(The data Opens)

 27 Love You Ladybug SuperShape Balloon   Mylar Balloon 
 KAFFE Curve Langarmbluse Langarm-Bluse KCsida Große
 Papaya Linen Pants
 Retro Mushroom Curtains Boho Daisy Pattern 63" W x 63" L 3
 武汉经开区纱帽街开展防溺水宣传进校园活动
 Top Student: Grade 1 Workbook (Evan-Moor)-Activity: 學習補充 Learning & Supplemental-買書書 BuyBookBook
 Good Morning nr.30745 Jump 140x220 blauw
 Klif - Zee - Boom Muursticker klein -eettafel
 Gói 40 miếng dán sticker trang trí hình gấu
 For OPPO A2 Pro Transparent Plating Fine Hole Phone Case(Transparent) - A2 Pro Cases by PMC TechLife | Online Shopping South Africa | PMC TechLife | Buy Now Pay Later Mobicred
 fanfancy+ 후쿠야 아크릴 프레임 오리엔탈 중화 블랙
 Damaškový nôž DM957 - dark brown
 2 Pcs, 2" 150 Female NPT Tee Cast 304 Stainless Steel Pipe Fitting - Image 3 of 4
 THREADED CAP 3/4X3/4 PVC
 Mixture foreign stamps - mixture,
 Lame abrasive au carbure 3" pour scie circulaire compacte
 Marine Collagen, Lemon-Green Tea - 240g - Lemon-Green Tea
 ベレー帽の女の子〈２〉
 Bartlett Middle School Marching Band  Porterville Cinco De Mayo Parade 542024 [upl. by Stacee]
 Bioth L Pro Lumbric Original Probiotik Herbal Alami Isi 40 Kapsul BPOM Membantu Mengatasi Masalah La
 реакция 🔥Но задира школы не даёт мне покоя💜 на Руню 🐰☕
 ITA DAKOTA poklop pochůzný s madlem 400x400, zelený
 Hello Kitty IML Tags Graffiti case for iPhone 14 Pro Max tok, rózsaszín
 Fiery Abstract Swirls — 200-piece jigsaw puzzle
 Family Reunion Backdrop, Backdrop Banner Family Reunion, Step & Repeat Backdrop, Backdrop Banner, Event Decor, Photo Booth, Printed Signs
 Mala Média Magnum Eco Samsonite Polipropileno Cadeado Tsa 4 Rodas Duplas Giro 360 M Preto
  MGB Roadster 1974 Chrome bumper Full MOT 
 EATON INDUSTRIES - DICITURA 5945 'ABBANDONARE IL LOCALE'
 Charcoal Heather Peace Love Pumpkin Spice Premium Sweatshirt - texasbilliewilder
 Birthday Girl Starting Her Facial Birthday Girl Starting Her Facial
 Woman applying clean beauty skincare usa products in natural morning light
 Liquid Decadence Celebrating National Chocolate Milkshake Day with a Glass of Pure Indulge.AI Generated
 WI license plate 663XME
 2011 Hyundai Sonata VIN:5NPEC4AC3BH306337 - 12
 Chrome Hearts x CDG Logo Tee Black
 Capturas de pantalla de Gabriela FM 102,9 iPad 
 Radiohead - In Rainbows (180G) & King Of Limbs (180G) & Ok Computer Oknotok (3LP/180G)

(The data Closes)

**Task brief**
Every entry should be printed again exactly as it stands.

**Output for this exercise**
 27 Love You Ladybug SuperShape Balloon   Mylar Balloon 
 KAFFE Curve Langarmbluse Langarm-Bluse KCsida Große
 Papaya Linen Pants
 Retro Mushroom Curtains Boho Daisy Pattern 63" W x 63" L 3
 武汉经开区纱帽街开展防溺水宣传进校园活动
 Top Student: Grade 1 Workbook (Evan-Moor)-Activity: 學習補充 Learning & Supplemental-買書書 BuyBookBook
 Good Morning nr.30745 Jump 140x220 blauw
 Klif - Zee - Boom Muursticker klein -eettafel
 Gói 40 miếng dán sticker trang trí hình gấu
 For OPPO A2 Pro Transparent Plating Fine Hole Phone Case(Transparent) - A2 Pro Cases by PMC TechLife | Online Shopping South Africa | PMC TechLife | Buy Now Pay Later Mobicred
 fanfancy+ 후쿠야 아크릴 프레임 오리엔탈 중화 블랙
 Damaškový nôž DM957 - dark brown
 2 Pcs, 2" 150 Female NPT Tee Cast 304 Stainless Steel Pipe Fitting - Image 3 of 4
 THREADED CAP 3/4X3/4 PVC
 Mixture foreign stamps - mixture,
 Lame abrasive au carbure 3" pour scie circulaire compacte
 Marine Collagen, Lemon-Green Tea - 240g - Lemon-Green Tea
 ベレー帽の女の子〈２〉
 Bartlett Middle School Marching Band  Porterville Cinco De Mayo Parade 542024 [upl. by Stacee]
 Bioth L Pro Lumbric Original Probiotik Herbal Alami Isi 40 Kapsul BPOM Membantu Mengatasi Masalah La
 реакция 🔥Но задира школы не даёт мне покоя💜 на Руню 🐰☕
 ITA DAKOTA poklop pochůzný s madlem 400x400, zelený
 Hello Kitty IML Tags Graffiti case for iPhone 14 Pro Max tok, rózsaszín
 Fiery Abstract Swirls — 200-piece jigsaw puzzle
 Family Reunion Backdrop, Backdrop Banner Family Reunion, Step & Repeat Backdrop, Backdrop Banner, Event Decor, Photo Booth, Printed Signs
 Mala Média Magnum Eco Samsonite Polipropileno Cadeado Tsa 4 Rodas Duplas Giro 360 M Preto
  MGB Roadster 1974 Chrome bumper Full MOT 
 EATON INDUSTRIES - DICITURA 5945 'ABBANDONARE IL LOCALE'
 Charcoal Heather Peace Love Pumpkin Spice Premium Sweatshirt - texasbilliewilder
 Birthday Girl Starting Her Facial Birthday Girl Starting Her Facial
 Woman applying clean beauty skincare usa products in natural morning light
 Liquid Decadence Celebrating National Chocolate Milkshake Day with a Glass of Pure Indulge.AI Generated
 WI license plate 663XME
 2011 Hyundai Sonata VIN:5NPEC4AC3BH306337 - 12
 Chrome Hearts x CDG Logo Tee Black
 Capturas de pantalla de Gabriela FM 102,9 iPad 
 Radiohead - In Rainbows (180G) & King Of Limbs (180G) & Ok Computer Oknotok (3LP/180G)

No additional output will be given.